The world’s energy problem
The world faces two energy problems: most of our energy still produces greenhouse gas emissions, and hundreds of millions lack access to energy.
Summary
The world lacks safe, low-carbon, and cheap large-scale energy alternatives to fossil fuels. Until we scale up those alternatives the world will continue to face the two energy problems of today. The energy problem that receives most attention is the link between energy access and greenhouse gas emissions. But the world has another global energy problem that is just as big: hundreds of millions of people lack access to sufficient energy entirely, with terrible consequences to themselves and the environment.
The problem that dominates the public discussion on energy is climate change. A climate crisis endangers the natural environment around us, our wellbeing today and the wellbeing of those who come after us.
It is the production of energy that is responsible for 87% of global greenhouse gas emissions and as the chart below shows, people in the richest countries have the very highest emissions.
This chart here will guide us through the discussion of the world's energy problem. It shows the per capita CO2 emissions on the vertical axis against the average income in that country on the horizontal axis.
In countries where people have an average income between $15,000 and $20,000, per capita CO2 emissions are close to the global average (4.8 tonnes CO2 per year). In every country where people's average income is above $25,000 the average emissions per capita are higher than the global average.
The world’s CO2 emissions have been rising quickly and reached 36.6 billion tonnes in 2018. As long as we are emitting greenhouse gases their concentration in the atmosphere increases. To bring climate change to an end the concentration of greenhouse gases in the atmosphere needs to stabilize and to achieve this the world’s greenhouse gas emissions have to decline towards net-zero.
To bring emissions down towards net-zero will be one of the world’s biggest challenges in the years ahead. But the world’s energy problem is actually even larger than that, because the world has not one, but two energy problems.
The twin problems of global energy
The first energy problem: those that have low carbon emissions lack access to energy
The first global energy problem relates to the left-hand side of the scatter-plot above.
People in very poor countries have very low emissions. On average, people in the US emit more carbon dioxide in 4 days than people in poor countries – such as Ethiopia, Uganda, or Malawi – emit in an entire year.1
The reason that the emissions of the poor are low is that they lack access to modern energy and technology. The energy problem of the poorer half of the world is energy poverty. The two charts below show that large shares of people in countries with a GDP per capita of less than $25,000 do not have access to electricity and clean cooking fuels.2
The lack of access to these technologies causes some of the worst global problems of our time.

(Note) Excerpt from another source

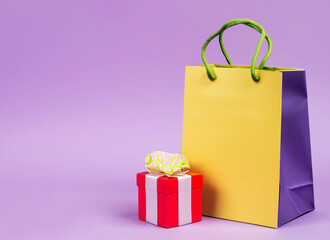 Present and shopping bag near placard pastel background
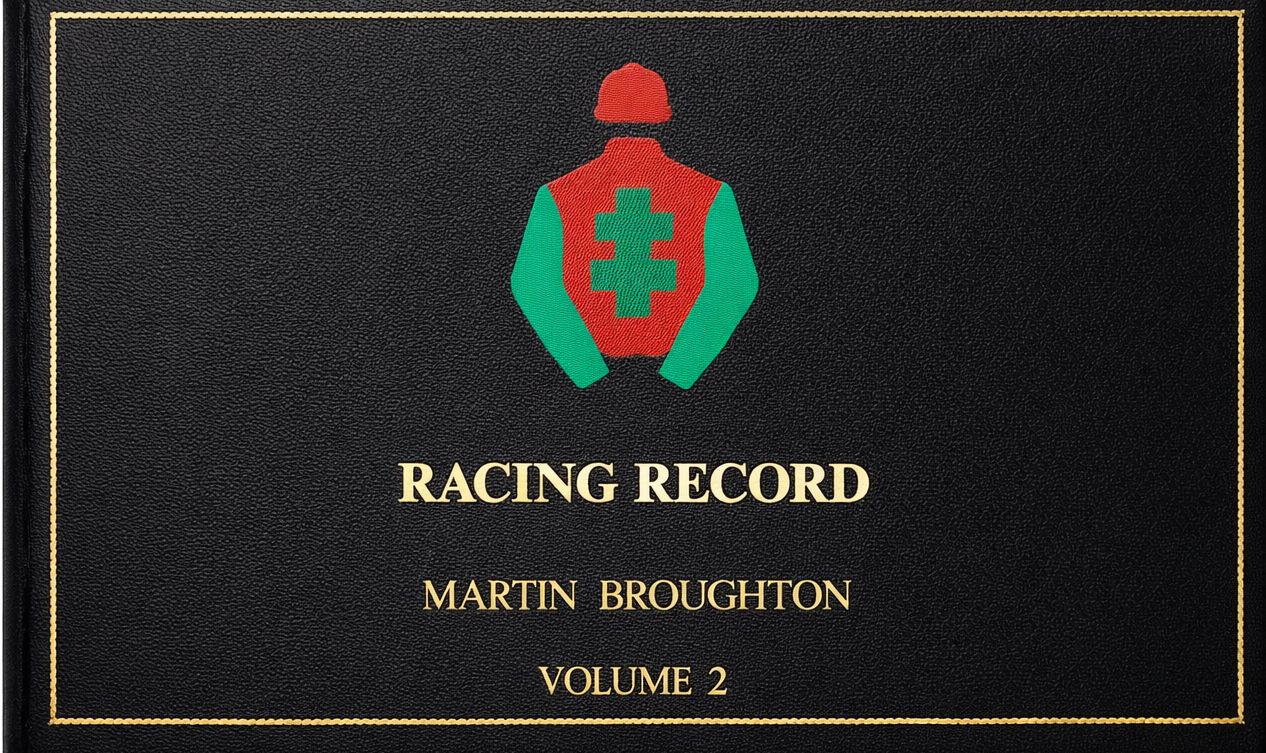 A black cover with gold trim and text, featuring an illustration of a jockey wearing a rescue helmet and vest with a medical cross, and the text 'RACING RECORD MARTIN BROUGHTON VOLUME 2'.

When people lack access to modern energy sources for cooking and heating, they rely on solid fuel sources – mostly firewood, but also dung and crop waste. This comes at a massive cost to the health of people in energy poverty: indoor air pollution, which the WHO calls "the world's largest single environmental health risk."3 For the poorest people in the world it is the largest risk factor for early death and global health research suggests that indoor air pollution is responsible for 1.6 million deaths each year, twice the death count of poor sanitation.4
The use of wood as a source of energy also has a negative impact on the environment around us. The reliance on fuelwood is the reason why poverty is linked to deforestation. The FAO reports that on the African continent the reliance on wood as fuel is the single most important driver of forest degradation.5 Across East, Central, and West Africa fuelwood provides more than half of the total energy.6
Lastly, the lack of access to energy subjects people to a life in poverty. No electricity means no refrigeration of food; no washing machine or dishwasher; and no light at night. You might have seen the photos of children sitting under a street lamp at night to do their homework.7
The first energy problem of the world is the problem of energy poverty – those that do not have sufficient access to modern energy sources suffer poor living conditions as a result.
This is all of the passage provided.